In the IGEL UMS, you want to assign permissions or roles to administrators according to various responsibilities.
In the IGEL UMS, you can create user or administrator accounts, and you can assign rules to them, but it is not possible to assign roles.
You would like to group administrators according to their tasks in order to achieve a clearly structured management of user rights.
Within your company you already maintain employee accounts using an Active Directory or LDAP.
As best practice, we suggest connecting the UMS with the user accounts of the Active Directory. You maintain the user and group accounts in the Active Directory only. In the UMS, you assign rights to the imported groups.
Transferring Active Directory groups to the UMS and assigning permissions and roles to them:
Click UMS Administration > Global Configuration > Active Directory / LDAP to integrate your Active Directory.
In the UMS console click System > Administrator accounts > Import, to import groups from the tree of your Active Directory.
Assigning roles to groups in the IGEL UMS on the basis of authorization rules:
- Click System > Administrator accounts > Groups > Edit to directly assign general group rights.
- Assign object-related access rights via object permissions, choosing Access Control in the context menu of any object.
This way, you can assign certain roles to administrators of the UMS according to their group memberships.
- Permissions are inherited from a parent directory to a child directory or to a subordinated object.
- It is possible to change indirect rights, i.e. rights which are given by group assignment.

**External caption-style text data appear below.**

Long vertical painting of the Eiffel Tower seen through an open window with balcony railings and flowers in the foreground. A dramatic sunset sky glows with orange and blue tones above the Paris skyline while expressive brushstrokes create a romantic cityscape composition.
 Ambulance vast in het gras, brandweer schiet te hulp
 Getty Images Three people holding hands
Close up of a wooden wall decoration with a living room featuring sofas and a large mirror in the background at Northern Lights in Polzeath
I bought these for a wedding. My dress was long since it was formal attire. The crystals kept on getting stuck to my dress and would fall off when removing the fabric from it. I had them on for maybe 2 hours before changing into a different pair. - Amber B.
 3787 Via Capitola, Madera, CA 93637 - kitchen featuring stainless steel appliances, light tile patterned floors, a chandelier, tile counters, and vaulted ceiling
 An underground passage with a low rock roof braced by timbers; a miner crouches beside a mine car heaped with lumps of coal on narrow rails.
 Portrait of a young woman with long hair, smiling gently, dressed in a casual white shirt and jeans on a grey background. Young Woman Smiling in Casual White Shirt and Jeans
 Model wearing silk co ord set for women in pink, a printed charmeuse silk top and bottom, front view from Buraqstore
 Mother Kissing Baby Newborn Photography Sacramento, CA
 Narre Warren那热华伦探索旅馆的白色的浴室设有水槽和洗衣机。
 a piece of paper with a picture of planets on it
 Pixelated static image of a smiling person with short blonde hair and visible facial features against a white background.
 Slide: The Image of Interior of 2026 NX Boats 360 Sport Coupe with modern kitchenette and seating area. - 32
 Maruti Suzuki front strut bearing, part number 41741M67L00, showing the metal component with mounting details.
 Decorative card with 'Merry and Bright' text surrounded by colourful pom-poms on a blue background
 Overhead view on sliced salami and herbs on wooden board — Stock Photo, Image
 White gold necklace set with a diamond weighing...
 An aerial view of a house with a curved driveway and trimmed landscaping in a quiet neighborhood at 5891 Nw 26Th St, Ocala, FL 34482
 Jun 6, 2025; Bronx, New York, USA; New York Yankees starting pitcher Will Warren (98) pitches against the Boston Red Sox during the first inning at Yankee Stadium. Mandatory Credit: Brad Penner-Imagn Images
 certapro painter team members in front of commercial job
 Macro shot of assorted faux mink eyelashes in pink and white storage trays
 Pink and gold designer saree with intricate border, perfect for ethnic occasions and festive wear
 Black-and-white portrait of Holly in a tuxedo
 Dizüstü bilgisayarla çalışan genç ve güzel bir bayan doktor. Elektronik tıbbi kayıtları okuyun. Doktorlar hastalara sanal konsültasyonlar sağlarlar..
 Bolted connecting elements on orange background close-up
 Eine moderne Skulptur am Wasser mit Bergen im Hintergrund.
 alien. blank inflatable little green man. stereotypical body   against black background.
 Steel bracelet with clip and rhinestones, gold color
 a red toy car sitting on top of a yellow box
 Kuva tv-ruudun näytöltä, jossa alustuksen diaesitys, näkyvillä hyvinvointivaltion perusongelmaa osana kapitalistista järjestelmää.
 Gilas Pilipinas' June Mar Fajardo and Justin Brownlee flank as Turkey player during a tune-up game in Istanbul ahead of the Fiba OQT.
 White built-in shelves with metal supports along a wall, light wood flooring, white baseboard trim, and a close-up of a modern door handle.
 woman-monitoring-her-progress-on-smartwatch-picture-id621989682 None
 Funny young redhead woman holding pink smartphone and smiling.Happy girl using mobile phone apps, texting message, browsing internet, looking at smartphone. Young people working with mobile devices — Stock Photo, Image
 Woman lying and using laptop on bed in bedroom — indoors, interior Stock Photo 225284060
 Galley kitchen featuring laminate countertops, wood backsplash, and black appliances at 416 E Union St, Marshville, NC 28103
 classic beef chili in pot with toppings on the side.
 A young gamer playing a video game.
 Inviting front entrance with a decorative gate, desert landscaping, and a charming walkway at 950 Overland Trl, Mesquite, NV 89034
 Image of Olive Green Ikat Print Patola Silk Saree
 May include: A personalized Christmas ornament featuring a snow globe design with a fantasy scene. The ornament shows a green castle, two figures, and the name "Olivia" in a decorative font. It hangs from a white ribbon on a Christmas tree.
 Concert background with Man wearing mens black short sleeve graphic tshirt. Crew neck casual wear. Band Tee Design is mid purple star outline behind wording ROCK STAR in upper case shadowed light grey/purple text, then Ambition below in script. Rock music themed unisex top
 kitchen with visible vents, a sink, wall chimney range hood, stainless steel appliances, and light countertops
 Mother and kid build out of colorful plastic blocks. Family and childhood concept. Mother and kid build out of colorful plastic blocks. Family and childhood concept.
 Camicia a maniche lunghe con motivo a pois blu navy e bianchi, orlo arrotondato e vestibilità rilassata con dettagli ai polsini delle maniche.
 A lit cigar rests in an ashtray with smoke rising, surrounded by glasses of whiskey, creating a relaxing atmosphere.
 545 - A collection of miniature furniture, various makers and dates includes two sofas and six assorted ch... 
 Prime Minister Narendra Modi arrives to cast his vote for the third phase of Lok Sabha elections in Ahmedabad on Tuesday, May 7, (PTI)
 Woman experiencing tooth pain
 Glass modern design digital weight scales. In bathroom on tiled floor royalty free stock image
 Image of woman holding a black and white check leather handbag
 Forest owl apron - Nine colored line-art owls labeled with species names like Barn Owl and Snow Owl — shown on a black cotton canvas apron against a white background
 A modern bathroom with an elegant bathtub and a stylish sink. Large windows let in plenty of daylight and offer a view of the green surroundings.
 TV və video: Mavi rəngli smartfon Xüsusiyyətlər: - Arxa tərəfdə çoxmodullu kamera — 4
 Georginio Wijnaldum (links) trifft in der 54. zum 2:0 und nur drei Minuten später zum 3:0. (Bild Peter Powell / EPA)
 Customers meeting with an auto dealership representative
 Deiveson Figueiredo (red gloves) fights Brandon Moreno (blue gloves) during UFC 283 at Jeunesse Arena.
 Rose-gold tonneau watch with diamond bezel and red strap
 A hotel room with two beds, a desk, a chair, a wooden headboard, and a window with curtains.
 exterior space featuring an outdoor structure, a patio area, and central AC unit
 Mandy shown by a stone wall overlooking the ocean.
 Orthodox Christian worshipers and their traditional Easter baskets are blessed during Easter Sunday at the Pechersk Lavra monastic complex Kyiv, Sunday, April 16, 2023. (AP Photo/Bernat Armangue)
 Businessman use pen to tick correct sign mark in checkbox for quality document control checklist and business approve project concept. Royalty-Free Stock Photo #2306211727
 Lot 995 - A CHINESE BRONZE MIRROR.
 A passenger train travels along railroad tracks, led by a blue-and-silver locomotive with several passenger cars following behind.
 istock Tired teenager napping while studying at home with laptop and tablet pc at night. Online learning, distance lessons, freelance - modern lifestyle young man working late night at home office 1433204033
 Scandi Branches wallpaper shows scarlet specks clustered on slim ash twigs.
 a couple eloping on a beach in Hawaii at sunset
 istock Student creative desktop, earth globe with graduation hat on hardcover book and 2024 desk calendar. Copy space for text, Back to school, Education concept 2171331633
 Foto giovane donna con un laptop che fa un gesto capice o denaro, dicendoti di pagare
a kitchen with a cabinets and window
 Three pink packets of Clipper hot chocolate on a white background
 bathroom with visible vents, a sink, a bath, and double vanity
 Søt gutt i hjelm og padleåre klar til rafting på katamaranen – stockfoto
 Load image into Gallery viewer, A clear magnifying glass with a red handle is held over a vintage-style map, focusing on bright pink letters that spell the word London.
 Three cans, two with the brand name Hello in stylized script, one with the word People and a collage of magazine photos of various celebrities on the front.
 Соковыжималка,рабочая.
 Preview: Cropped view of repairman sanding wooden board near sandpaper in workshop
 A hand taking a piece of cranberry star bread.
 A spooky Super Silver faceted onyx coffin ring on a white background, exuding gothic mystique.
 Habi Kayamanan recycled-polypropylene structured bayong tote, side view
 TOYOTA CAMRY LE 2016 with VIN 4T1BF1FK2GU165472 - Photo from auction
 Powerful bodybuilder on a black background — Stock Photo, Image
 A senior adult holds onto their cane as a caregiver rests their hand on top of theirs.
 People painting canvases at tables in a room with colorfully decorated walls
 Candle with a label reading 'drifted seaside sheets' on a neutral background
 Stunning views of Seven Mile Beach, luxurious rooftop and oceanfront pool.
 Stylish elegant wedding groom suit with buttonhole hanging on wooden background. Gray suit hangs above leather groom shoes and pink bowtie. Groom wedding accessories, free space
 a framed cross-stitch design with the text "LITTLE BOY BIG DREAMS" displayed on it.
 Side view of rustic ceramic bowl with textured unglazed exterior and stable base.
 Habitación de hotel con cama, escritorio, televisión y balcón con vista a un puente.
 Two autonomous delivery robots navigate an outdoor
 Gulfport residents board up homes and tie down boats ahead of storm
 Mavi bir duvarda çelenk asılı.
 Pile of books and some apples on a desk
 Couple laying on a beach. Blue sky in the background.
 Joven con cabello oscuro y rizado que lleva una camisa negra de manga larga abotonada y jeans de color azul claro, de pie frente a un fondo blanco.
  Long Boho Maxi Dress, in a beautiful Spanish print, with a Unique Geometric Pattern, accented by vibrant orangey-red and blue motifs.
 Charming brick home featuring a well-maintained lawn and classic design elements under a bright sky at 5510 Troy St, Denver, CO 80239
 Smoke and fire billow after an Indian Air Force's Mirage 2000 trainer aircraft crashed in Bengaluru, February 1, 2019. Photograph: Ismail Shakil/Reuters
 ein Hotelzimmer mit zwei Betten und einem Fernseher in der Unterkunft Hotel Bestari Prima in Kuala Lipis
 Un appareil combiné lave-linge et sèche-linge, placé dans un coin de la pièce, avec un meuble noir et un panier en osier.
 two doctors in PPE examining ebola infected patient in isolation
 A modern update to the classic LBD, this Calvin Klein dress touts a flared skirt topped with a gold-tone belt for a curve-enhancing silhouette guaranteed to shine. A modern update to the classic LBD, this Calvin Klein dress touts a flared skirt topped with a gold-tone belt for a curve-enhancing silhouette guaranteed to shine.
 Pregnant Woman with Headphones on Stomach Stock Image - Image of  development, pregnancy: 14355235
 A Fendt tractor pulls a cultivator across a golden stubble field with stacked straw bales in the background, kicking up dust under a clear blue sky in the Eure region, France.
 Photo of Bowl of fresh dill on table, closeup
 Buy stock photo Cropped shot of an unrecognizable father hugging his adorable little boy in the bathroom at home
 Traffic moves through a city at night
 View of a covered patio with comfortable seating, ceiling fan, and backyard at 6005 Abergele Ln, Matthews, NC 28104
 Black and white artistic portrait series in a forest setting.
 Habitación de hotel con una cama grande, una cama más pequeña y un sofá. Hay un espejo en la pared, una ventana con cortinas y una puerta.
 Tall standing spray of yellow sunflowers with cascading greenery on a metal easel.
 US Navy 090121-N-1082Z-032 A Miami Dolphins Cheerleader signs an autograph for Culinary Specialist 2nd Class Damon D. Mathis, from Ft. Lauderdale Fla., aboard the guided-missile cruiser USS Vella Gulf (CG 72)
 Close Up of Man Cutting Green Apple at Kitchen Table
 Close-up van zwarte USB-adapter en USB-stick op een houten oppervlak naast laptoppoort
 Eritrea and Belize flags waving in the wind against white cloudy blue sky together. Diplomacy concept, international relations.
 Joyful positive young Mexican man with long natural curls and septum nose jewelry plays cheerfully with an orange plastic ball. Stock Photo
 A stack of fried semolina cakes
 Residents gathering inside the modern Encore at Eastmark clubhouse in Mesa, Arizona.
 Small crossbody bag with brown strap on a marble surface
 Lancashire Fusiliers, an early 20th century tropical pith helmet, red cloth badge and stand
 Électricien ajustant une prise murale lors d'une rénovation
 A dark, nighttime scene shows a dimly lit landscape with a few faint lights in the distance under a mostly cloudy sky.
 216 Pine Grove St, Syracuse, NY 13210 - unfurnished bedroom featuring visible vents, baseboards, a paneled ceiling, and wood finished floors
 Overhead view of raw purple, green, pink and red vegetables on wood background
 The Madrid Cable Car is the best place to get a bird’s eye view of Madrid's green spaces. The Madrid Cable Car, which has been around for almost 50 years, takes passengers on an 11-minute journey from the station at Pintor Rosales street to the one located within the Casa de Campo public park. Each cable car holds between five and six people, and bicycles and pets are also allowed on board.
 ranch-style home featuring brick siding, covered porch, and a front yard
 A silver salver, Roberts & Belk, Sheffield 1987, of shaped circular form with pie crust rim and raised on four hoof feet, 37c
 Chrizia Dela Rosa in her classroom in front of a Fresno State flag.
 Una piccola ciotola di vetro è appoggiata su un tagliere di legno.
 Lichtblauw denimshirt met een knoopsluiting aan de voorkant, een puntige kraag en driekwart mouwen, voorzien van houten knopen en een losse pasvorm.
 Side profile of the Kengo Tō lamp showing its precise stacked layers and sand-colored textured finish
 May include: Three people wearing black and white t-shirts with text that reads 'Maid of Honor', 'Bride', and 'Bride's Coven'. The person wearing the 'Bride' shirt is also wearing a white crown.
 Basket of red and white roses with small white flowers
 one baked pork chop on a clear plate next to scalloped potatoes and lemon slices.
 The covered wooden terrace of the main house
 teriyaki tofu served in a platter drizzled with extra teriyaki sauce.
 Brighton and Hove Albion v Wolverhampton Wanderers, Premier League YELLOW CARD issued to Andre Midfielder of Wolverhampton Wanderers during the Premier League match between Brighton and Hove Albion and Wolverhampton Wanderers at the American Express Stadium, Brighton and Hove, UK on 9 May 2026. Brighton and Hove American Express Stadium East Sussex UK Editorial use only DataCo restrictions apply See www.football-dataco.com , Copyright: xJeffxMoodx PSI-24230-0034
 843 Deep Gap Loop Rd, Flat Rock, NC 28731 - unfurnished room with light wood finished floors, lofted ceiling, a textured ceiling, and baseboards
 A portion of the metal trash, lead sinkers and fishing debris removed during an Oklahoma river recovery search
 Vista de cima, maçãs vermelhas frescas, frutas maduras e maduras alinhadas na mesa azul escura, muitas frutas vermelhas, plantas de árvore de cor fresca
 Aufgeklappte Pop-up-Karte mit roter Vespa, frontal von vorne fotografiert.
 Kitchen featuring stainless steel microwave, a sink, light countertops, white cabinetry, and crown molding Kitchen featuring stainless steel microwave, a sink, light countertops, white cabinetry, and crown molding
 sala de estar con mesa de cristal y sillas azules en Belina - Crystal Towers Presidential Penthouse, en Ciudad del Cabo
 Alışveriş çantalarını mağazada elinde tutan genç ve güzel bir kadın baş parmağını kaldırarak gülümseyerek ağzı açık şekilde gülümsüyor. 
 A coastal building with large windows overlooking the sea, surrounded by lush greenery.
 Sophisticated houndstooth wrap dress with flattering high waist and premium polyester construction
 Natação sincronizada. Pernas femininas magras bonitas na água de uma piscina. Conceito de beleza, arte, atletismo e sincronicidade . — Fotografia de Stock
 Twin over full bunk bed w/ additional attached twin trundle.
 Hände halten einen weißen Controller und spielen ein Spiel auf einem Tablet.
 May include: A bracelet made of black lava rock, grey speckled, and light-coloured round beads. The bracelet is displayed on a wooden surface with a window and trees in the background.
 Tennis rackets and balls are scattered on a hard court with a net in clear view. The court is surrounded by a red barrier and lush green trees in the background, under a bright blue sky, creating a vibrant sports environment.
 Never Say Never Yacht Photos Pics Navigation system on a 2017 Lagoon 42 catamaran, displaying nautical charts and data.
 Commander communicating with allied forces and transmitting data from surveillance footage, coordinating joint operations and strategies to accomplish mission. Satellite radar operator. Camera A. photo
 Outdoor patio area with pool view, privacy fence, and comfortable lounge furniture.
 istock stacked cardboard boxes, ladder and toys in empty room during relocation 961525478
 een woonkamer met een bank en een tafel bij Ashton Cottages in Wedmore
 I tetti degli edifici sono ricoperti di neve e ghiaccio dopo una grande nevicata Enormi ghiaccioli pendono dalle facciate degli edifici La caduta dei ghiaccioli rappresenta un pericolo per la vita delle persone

However, directly assigned rights take precedence over indirectly assigned rights.
- An administrator can be a member of different groups and receives the corresponding rights. If they are contradictory, the deprivation of a right takes precedence over the permission. If a prohibition for an action or an object of a group is issued, it will override any number of rights from other groups.
- Click Effective Rights to get more details about the rules collection, for example if a permission was given directly or if it was assigned by a group or by an inheritance within a tree structure.